> _Task to complete_:
Give back every record below word for word, with the pictures omitted.

> _Entries supplied_:
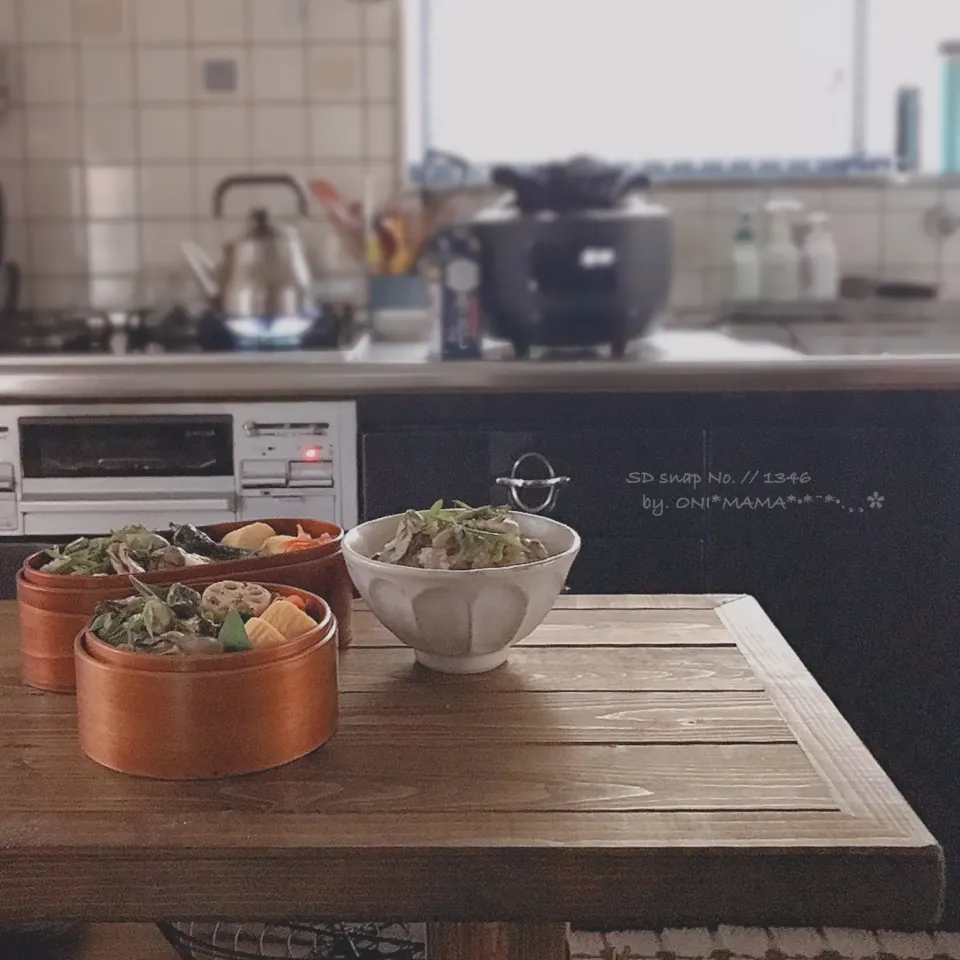 Snapdishの料理写真:かまどさん電気で 牡蛎炊き込みご飯|ONI*MAMA*さん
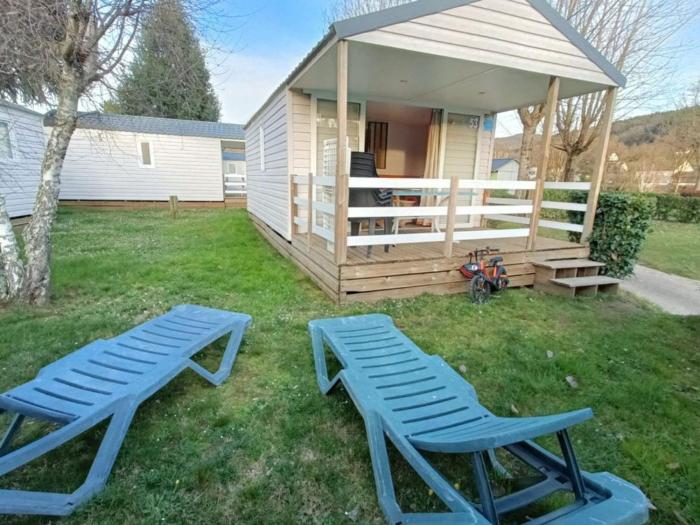 Mobil-home 4 pers avec terrasse à Saint-Geniez-dOlt - API-1-52-1301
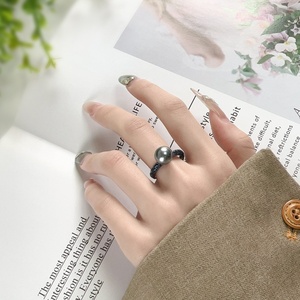 Bague en cuivre plaqué or noir de haute qualité, écologique, anti-ternissement, avec perle de coquillage noire de 10 mm pour femme - Vente en gros usine - Product Image 6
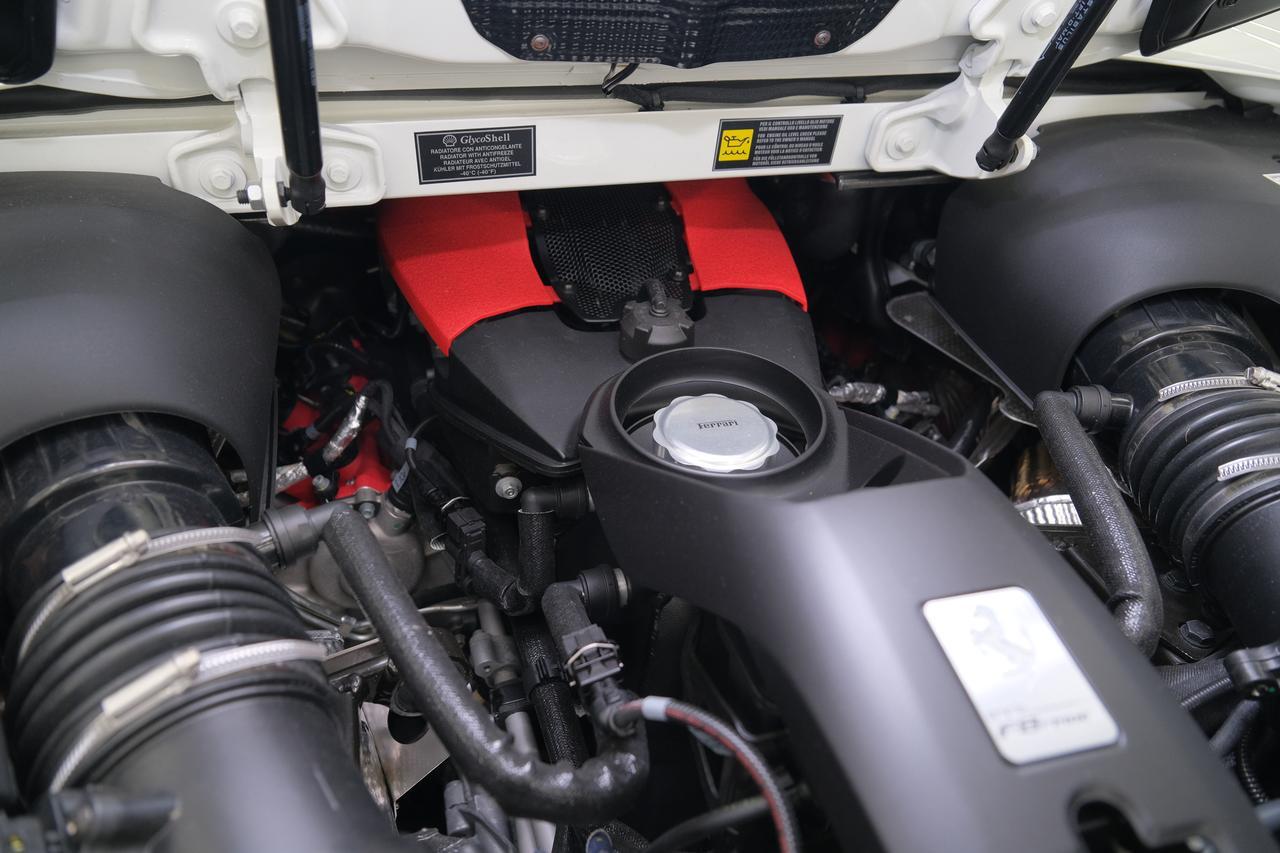2022 Ferrari F8 Spider Base Miami FL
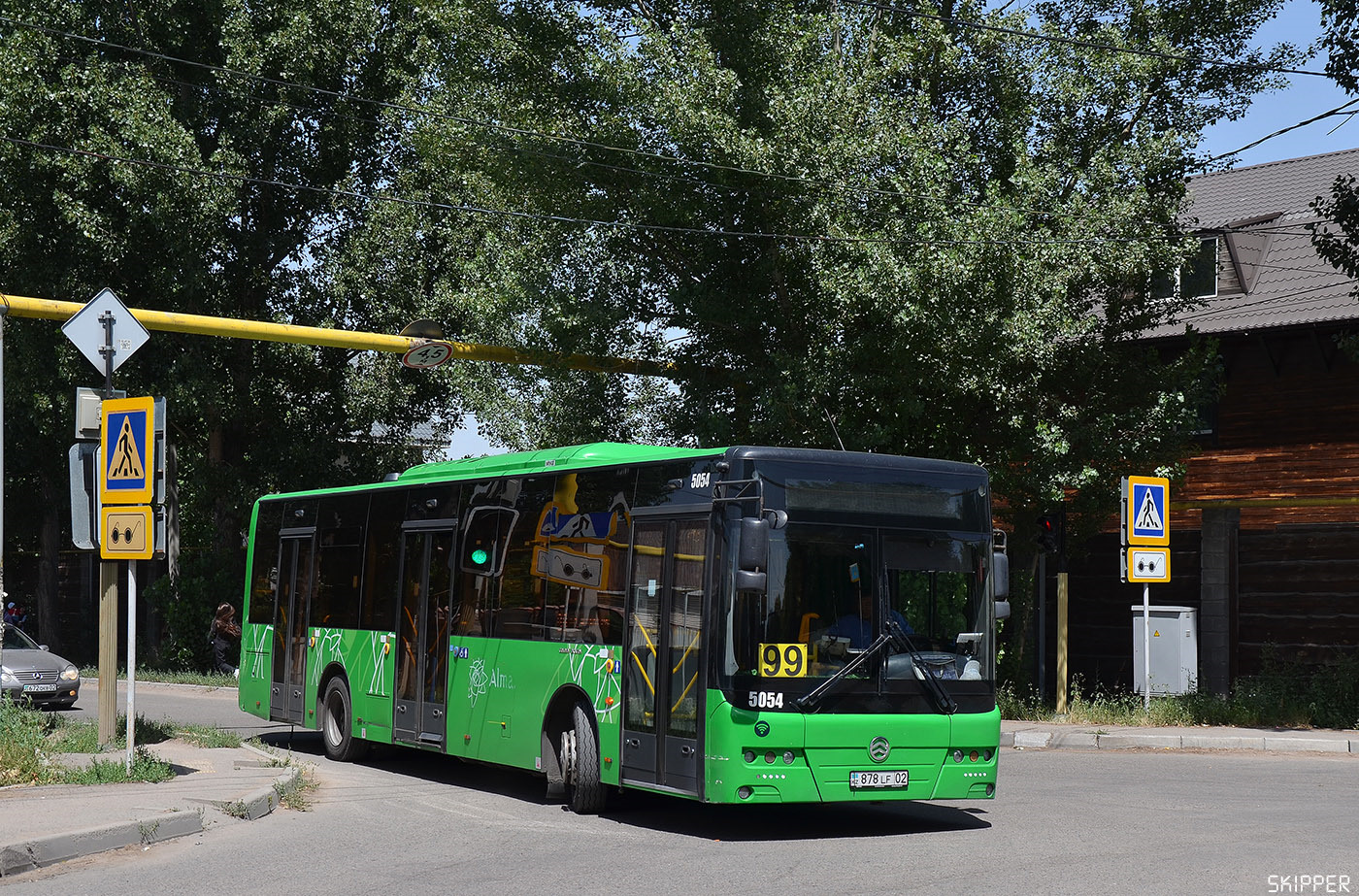 Алматы, Golden Dragon XML6125CR № 5054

> _Response to the task_:
 Snapdishの料理写真:かまどさん電気で 牡蛎炊き込みご飯|ONI*MAMA*さん
 Mobil-home 4 pers avec terrasse à Saint-Geniez-dOlt - API-1-52-1301
 Bague en cuivre plaqué or noir de haute qualité, écologique, anti-ternissement, avec perle de coquillage noire de 10 mm pour femme - Vente en gros usine - Product Image 6
2022 Ferrari F8 Spider Base Miami FL
 Алматы, Golden Dragon XML6125CR № 5054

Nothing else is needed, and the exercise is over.